▶ [WORK REQUEST] Output, exactly as written, the lines below starting at the line containing "Vibrant green fern" and ending at the line containing "Прикольные картинки". Drop the pictures and keep both end lines.

▶ [INFORMATION SUPPLIED]
▬▬▬▬▬▬

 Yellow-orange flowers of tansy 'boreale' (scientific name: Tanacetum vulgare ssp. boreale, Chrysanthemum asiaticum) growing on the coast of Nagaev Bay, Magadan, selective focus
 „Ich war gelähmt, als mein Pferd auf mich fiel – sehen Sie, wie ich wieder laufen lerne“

▬▬▬▬▬▬

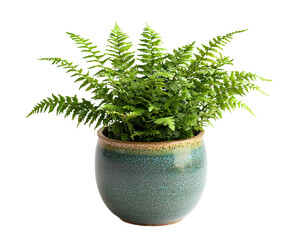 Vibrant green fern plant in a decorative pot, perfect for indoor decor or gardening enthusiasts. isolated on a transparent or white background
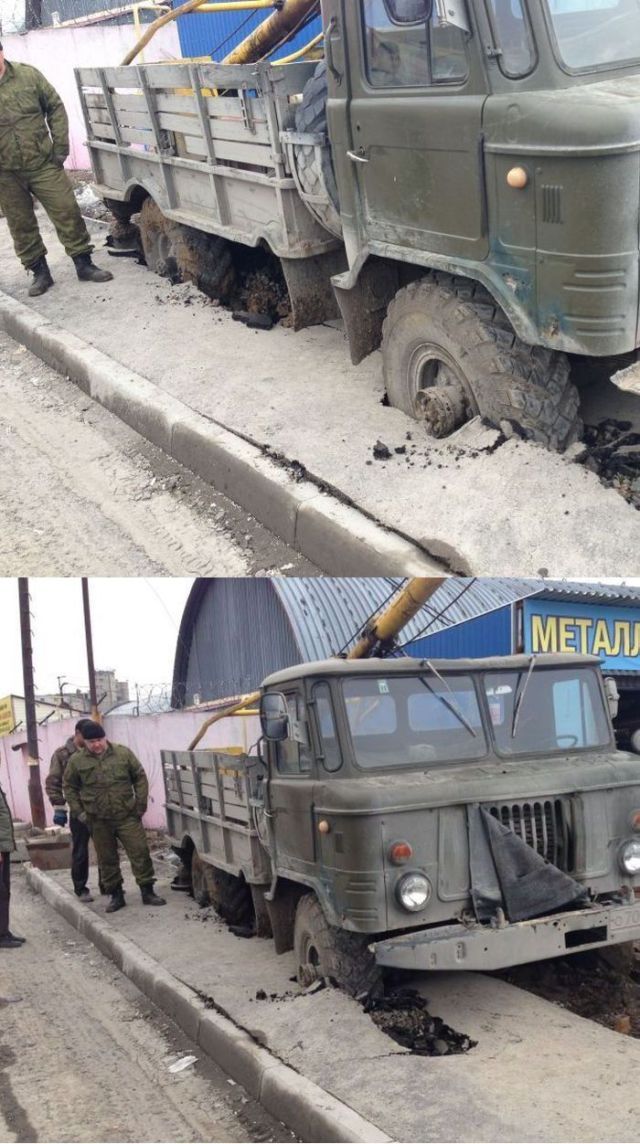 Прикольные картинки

▬▬▬▬▬▬

▶ [SOLUTION FOR THIS TASK]
 Vibrant green fern plant in a decorative pot, perfect for indoor decor or gardening enthusiasts. isolated on a transparent or white background
 Прикольные картинки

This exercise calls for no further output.